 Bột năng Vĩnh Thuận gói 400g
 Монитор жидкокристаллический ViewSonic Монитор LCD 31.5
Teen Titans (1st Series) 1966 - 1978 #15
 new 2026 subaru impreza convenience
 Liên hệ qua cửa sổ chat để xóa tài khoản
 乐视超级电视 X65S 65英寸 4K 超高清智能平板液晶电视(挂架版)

* * *

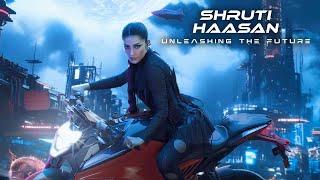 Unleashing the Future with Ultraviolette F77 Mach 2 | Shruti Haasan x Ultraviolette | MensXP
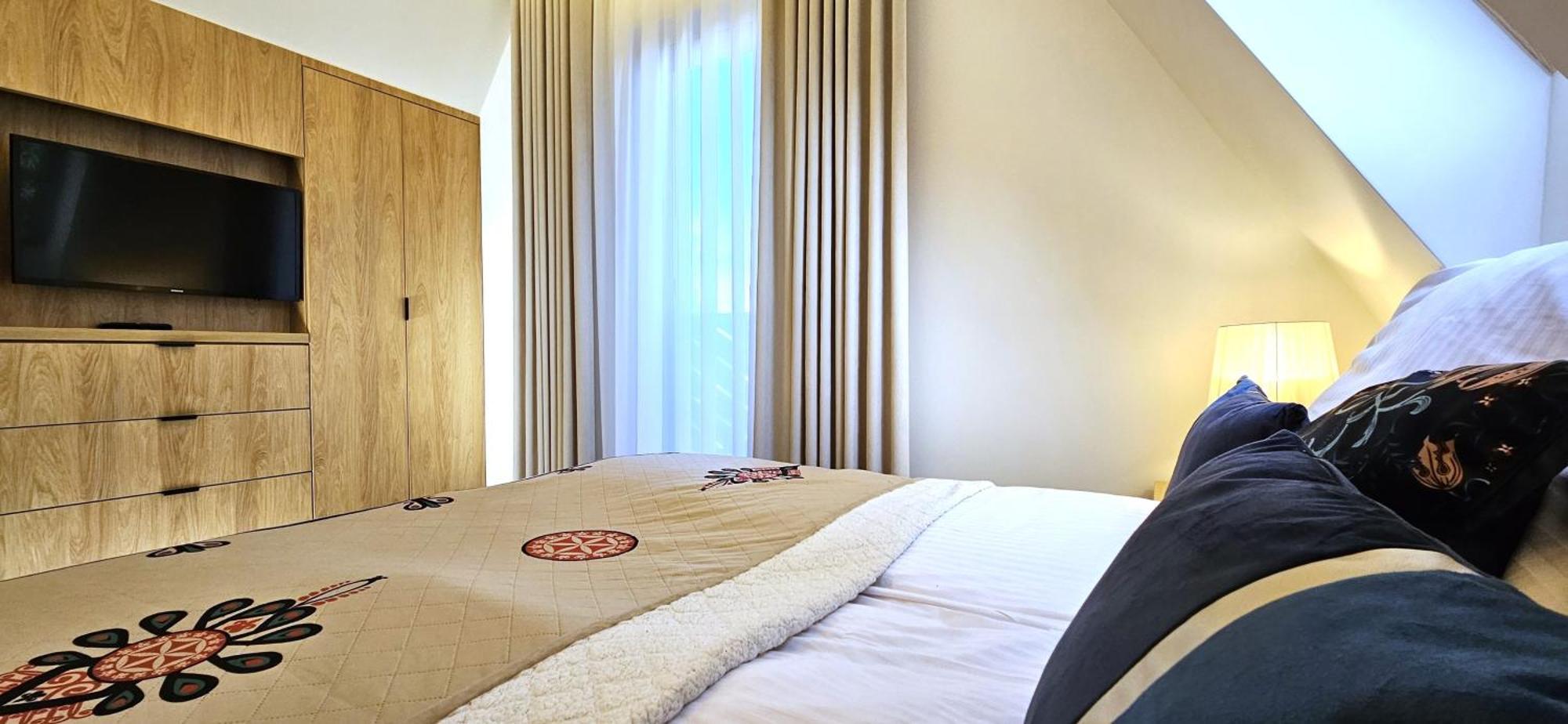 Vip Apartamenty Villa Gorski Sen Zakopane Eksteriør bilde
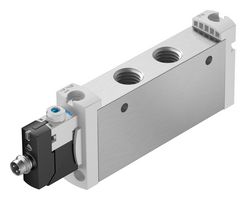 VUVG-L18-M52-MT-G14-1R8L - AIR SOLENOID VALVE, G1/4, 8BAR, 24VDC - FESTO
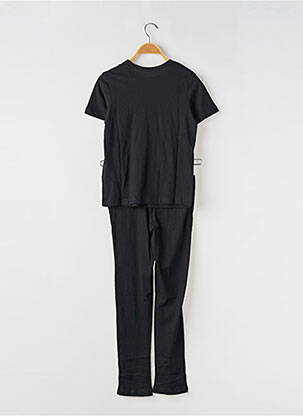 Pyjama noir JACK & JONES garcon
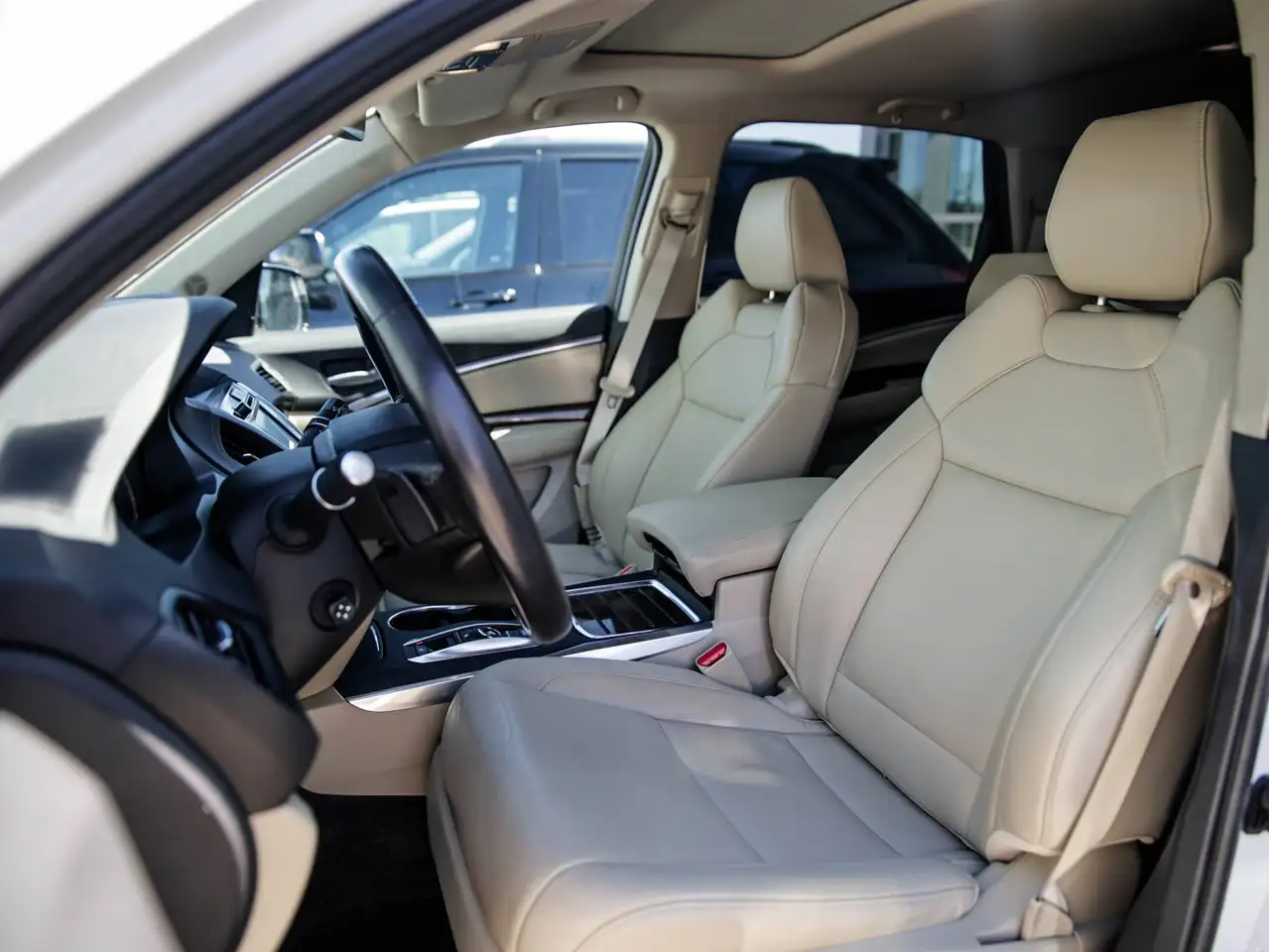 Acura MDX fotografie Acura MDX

==

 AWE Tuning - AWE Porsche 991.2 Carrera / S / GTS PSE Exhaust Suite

WORK REQUIRED: Above are the records; copy exactly the lines from the one with "Vip Apartamenty Villa" through the one with "Acura MDX fotografie Acura MDX", including both, and nothing more. Leave out pictures.

SOLUTION TO THE EXERCISE:
 Vip Apartamenty Villa Gorski Sen Zakopane Eksteriør bilde
 VUVG-L18-M52-MT-G14-1R8L - AIR SOLENOID VALVE, G1/4, 8BAR, 24VDC - FESTO
 Pyjama noir JACK & JONES garcon
 Acura MDX fotografie Acura MDX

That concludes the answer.